After emphasizing that “the Court [needed to] exercise caution before suggesting that the First Amendment provides scant protection for access to” social networking sites like Twitter, Kennedy reasoned that North Carolina’s law did not pass constitutional scrutiny. Applying intermediate scrutiny, the Court found that North Carolina’s law was not narrowly tailored to serve the state’s significant interest in preventing sex crimes against children, because the law prohibited registered sex offenders from engaging in a broad range of expressive activity that had no connection to victimizing children. Kennedy explained that the state’s law was impermissible because it barred sex offenders from accessing a medium that is the primary way in which many people engage in exercise of their First Amendment rights.
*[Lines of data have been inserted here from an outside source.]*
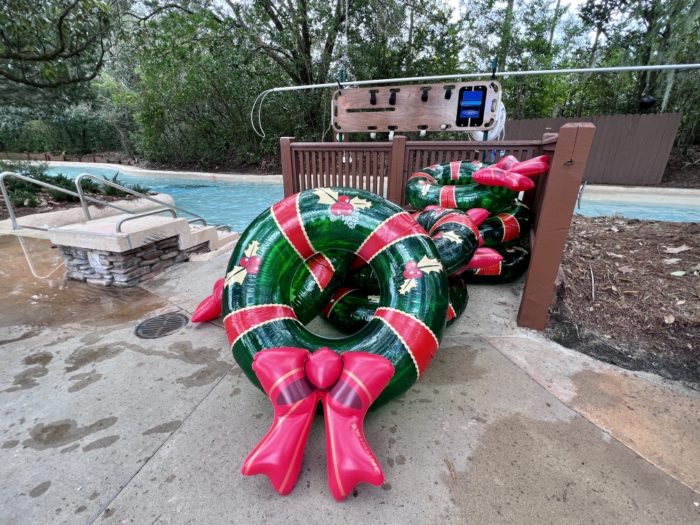 A green and red circular pool float is designed to look like a Christmas wreath and bow for the holidays at Disney's Blizzard Beach water park.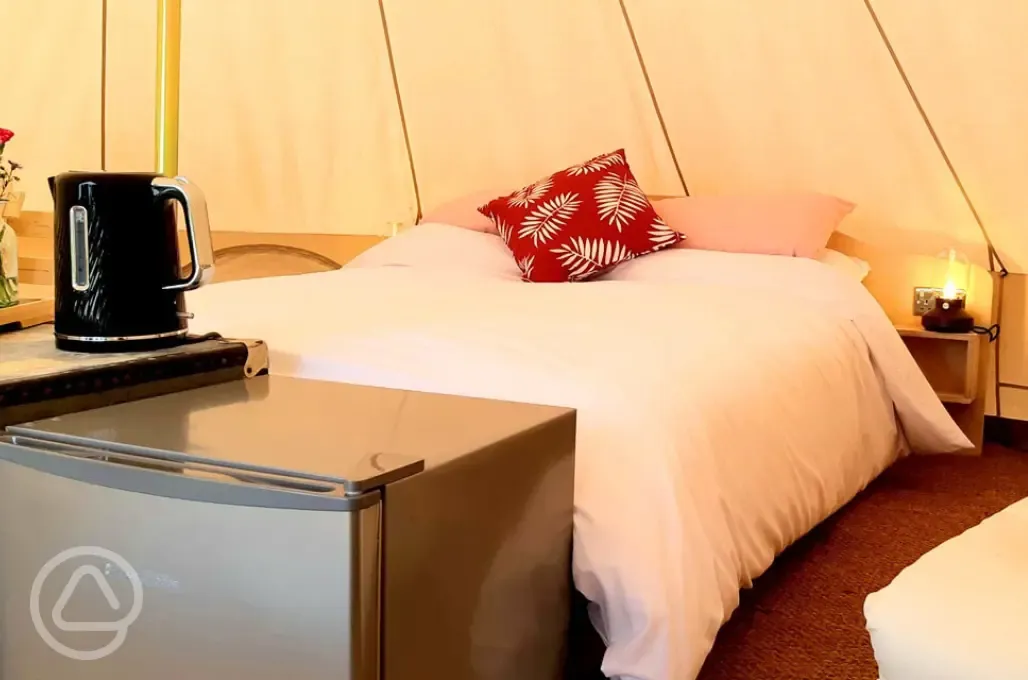 Bell tent king size bed, mini fridge and kettle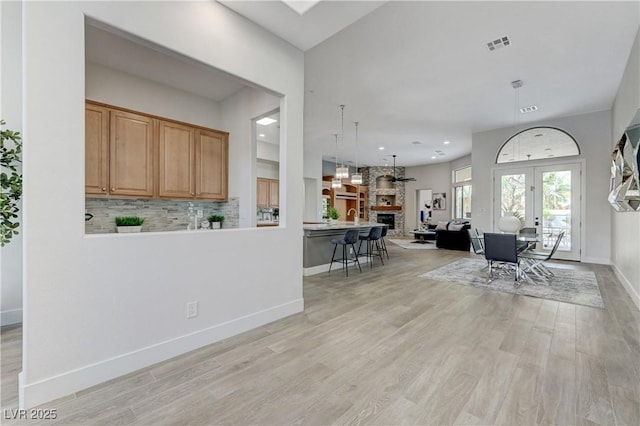 2168 Big Bar Dr, Henderson, NV 89052 - living area with light wood-style flooring, baseboards, french doors, and recessed lighting
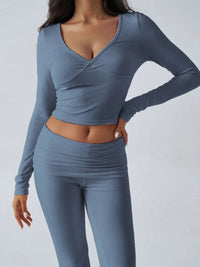 Person wearing a blue long-sleeve top and leggings set on a plain background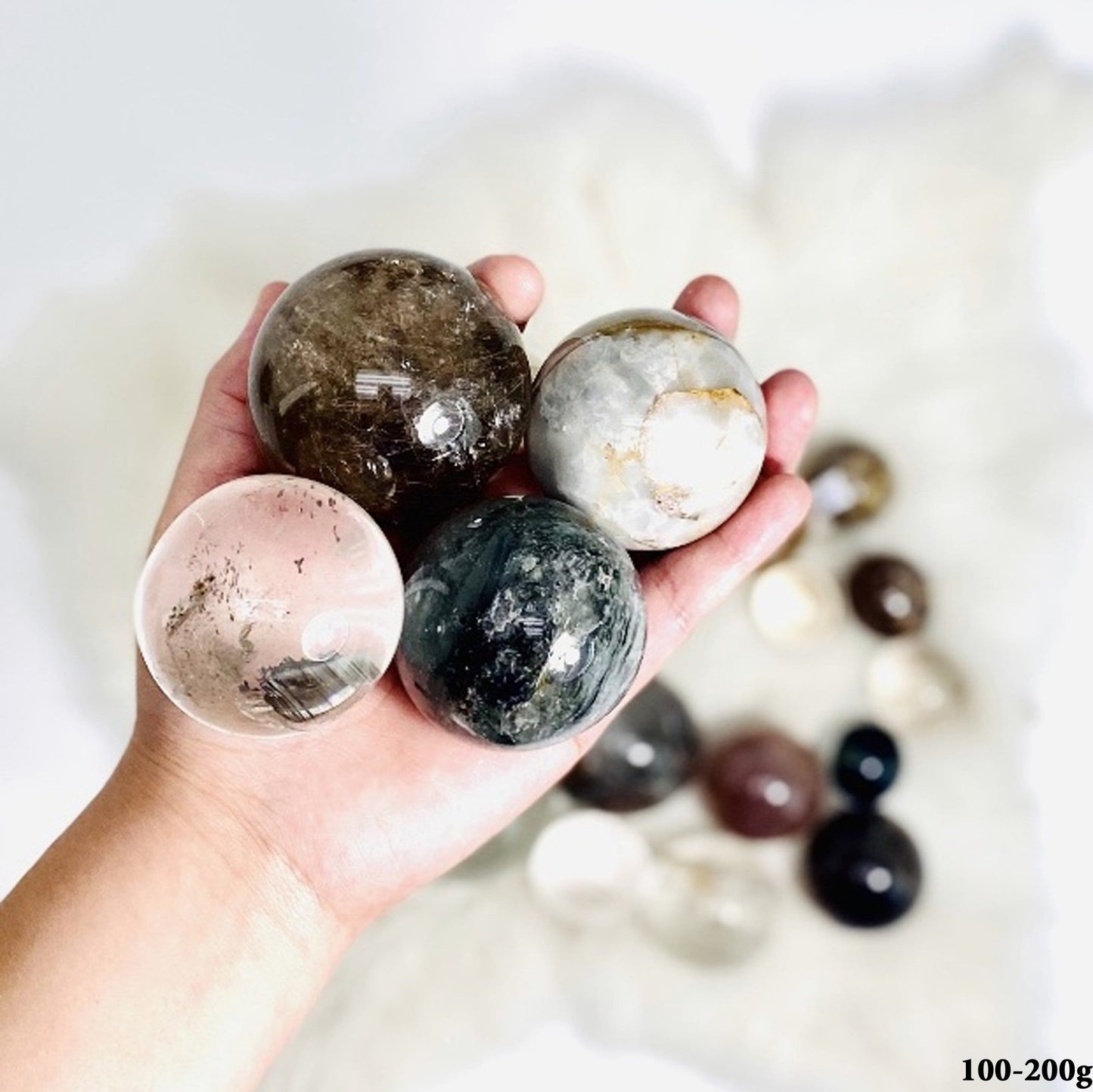 Assorted Quartz Spheres, between 100-200g, displayed in hand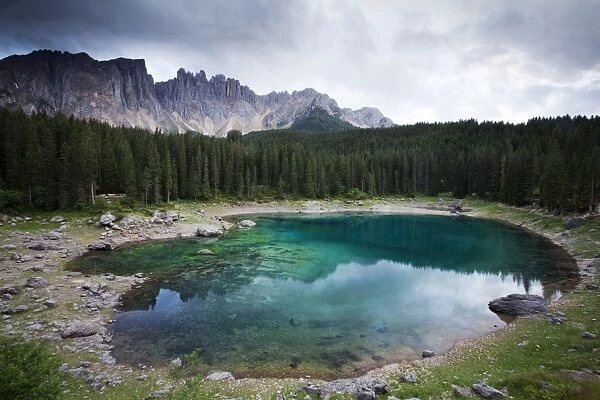 Lake Carezza with Latemar Mountain with clouds, Karerpass, Dolomiten, South Tyrol province, Trentino-Alto Adige, Italy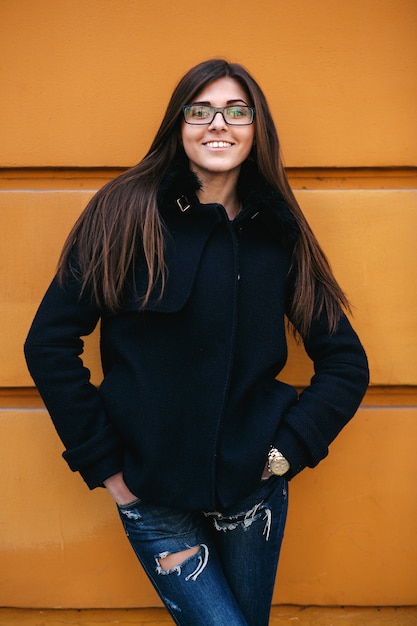 Free photo young woman posing on urban wall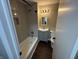 Clean bathroom, featuring a bathtub, gray vanity, and dark flooring at 1801 W Morris St, Indianapolis, IN 46221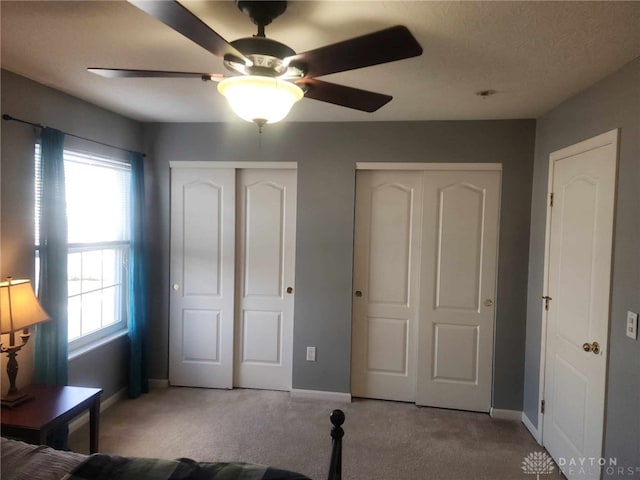 unfurnished bedroom with light carpet, ceiling fan, and multiple closets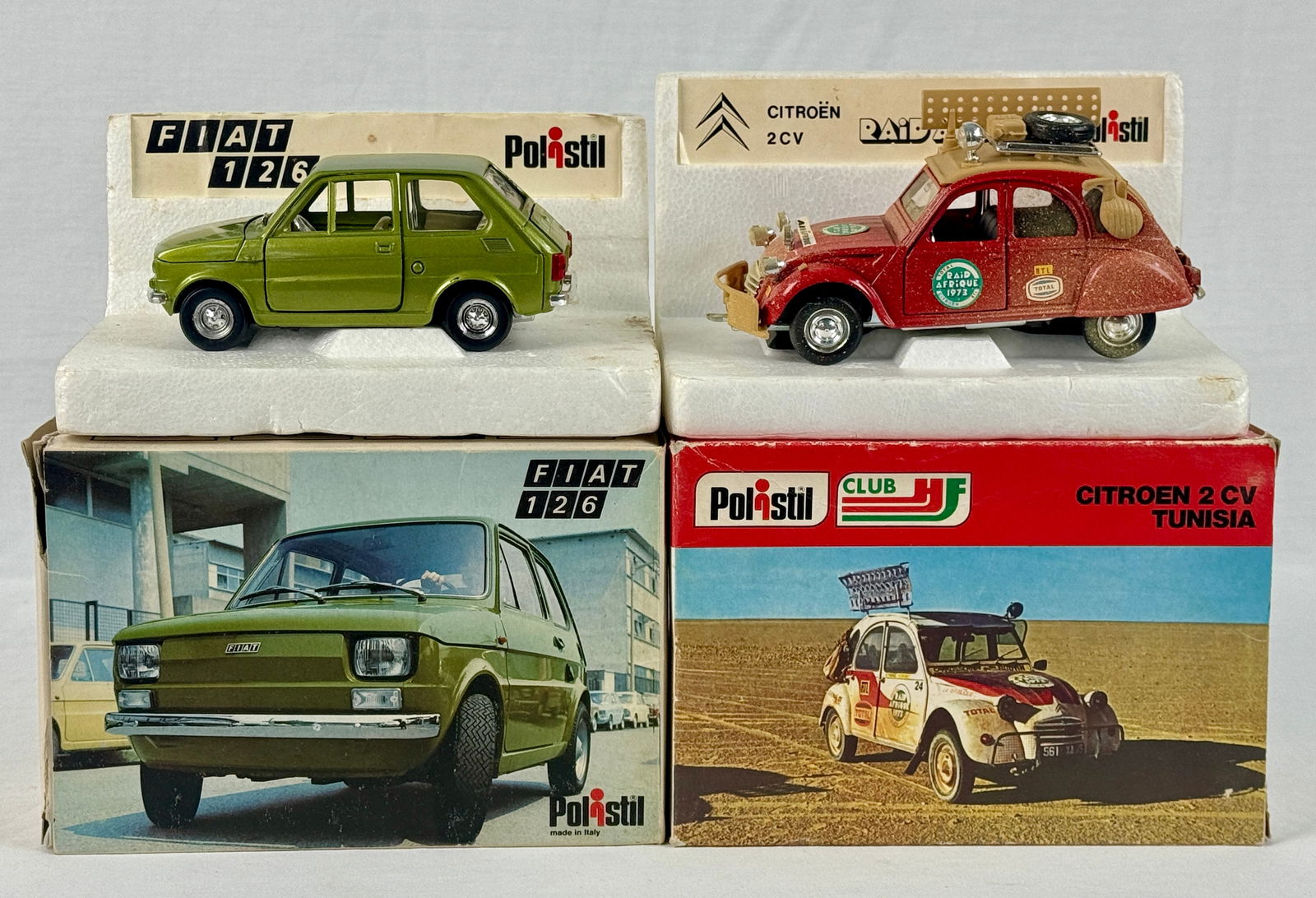 A Pair of Polistil Die-Cast Model Cars: A pair of Polistil die-cast model cars, including a red Citroen 2CV "RAID AFRIQUE" with "TOTAL" branding and a green Fiat 126, each displayed on a labeled stand and accompanied by its original box C9.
While the Court found the statute unconstitutional even if it applied only to “social networking sites as commonly understood,” Kennedy also made it clear that states were free to a pass narrower law that would bar a sex offender from using the internet to carry out a sex crime.
Justice Alito, writing a concurrence joined by Justices Roberts and Thomas, agreed with the case’s overall outcome, but sought a narrower ruling that would leave a wider opening for future state regulation of registered sex offenders’ access to online spaces. While the concurrence criticized some of the rhetoric in Kennedy’s opinion by saying that it was “undisciplined” and had a “staggering reach,” it agreed that the North Carolina statute could not pass even intermediate scrutiny, because of the breadth of websites it barred registrants from accessing.
Monday’s decision of Packingham is an important win for free expression online. As Justice Kennedy noted, this is one of the first times the Court has considered “the relationship between the First Amendment and the modern Internet.” The Court has left us with a powerful acknowledgement that “foreclosing access to social media altogether … prevents users from engaging in the legitimate exercise of First Amendment rights.”